= Jalalabad, Habiganj Sadar =

Jalalabad (জালালাবাদ) is a village in Richi Union, Habiganj Sadar Upazila in the Sylhet Division of Bangladesh.

==Geography==
Jalalabad is located within Richi Union. The village is situated in a low-lying haor area prone to seasonal flooding. The Khowai River embankment in Jalalabad serves as a critical road and flood barrier for over 100 villages in Richi, Lukra, and Karab Unions of Habiganj Sadar, as well as parts of Lakhai Upazila and even neighbouring Kishoreganj District.

==Demographics==
Jalalabad village has a population of 2,676 people.

==Culture==
North Jalalabad and West Jalalabad neighbourhoods have their own mosques and graveyards respectively, and there is one Jalalabad Shahi Eidgah. It also has a Government Primary School (also serves as a polling centre in local elections) and madrasa.

==History==
The embankment of the Khowai River in Jalalabad collapsed in June 2024, destroying crops, fish enclosures (ghers), and homes across a vast area. Flooding in August 2024 worsened the damage, with erosion expanding by approximately 200 feet and turning the site into a large ditch.

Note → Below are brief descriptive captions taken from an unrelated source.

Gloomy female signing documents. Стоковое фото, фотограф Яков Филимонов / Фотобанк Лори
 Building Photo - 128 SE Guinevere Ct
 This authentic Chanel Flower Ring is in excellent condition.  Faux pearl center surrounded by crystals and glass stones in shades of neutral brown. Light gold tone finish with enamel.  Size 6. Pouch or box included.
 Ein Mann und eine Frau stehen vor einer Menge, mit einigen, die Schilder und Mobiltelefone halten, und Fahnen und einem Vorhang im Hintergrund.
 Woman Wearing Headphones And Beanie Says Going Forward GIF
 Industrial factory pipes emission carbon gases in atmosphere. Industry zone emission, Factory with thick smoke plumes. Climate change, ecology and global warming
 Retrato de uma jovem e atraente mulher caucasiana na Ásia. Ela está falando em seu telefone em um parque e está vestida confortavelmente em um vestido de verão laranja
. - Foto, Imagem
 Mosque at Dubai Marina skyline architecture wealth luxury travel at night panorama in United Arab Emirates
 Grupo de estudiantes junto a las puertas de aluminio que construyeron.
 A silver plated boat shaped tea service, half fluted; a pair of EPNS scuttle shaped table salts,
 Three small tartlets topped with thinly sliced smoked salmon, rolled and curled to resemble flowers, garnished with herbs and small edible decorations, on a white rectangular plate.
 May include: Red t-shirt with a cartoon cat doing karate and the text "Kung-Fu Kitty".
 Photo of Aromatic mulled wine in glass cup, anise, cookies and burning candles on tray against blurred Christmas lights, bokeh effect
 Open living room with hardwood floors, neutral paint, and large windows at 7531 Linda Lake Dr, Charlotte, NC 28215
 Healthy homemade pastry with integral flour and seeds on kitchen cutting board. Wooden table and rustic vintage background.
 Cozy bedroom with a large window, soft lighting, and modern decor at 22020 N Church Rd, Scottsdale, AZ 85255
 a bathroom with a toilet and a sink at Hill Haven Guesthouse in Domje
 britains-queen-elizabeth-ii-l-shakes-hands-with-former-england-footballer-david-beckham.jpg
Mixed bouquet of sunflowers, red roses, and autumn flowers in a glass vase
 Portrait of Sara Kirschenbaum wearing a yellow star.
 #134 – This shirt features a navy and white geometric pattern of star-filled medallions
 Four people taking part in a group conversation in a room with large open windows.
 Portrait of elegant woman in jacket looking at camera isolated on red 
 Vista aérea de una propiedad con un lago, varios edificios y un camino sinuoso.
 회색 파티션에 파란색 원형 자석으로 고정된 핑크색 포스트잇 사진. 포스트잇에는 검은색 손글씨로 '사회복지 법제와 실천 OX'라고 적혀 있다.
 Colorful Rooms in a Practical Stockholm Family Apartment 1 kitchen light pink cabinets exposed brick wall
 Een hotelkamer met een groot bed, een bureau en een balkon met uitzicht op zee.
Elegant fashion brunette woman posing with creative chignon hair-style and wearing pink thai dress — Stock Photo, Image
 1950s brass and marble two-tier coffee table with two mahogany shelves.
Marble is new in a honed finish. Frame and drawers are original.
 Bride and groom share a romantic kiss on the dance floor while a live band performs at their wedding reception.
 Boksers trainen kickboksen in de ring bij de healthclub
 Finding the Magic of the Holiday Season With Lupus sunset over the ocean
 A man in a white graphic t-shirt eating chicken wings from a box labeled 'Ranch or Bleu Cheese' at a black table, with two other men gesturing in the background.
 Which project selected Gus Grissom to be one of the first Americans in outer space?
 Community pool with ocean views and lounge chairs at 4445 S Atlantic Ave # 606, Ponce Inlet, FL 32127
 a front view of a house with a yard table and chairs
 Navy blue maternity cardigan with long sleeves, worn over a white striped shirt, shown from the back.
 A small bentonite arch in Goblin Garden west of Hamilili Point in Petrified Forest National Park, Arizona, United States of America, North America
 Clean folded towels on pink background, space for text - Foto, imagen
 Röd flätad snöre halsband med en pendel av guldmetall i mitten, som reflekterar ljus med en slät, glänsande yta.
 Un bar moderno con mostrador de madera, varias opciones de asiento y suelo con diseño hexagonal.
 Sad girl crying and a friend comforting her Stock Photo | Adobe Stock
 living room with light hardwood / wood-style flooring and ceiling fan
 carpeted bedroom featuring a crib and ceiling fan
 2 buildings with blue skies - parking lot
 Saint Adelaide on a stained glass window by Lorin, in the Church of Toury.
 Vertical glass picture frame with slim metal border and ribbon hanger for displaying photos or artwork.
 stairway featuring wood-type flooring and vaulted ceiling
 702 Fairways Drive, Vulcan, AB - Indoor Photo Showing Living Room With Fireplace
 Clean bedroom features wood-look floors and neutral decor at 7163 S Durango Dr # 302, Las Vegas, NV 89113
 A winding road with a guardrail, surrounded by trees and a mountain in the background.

Over 100 villages in Lukra (Lokra), Richi, and Karab unions depend on this embankment road for connectivity (also used by Kishoreganjis). Commuters now use battery-powered auto-rickshaws to reach the eroded spot and then cross by boat, severely disrupting transport of goods and daily travel. Hundreds of acres of haor farmland are at risk, especially during the Boro rice season. Without repairs, low-lying areas (including villages near Habiganj town) face heightened flooding. As of 3 January 2025 (seven months after the collapse), no repairs had been carried out despite repeated requests to the Bangladesh Water Development Board. Residents held several meetings with officials, but work had not started. Design data and an estimated cost of around 50,000,000 Bangladeshi takas were sent to the circle office in September 2024; funding approval was still pending.

In June 2025, a severe fire broke out at the Jalalabad Haji Bari, completely destroying two houses.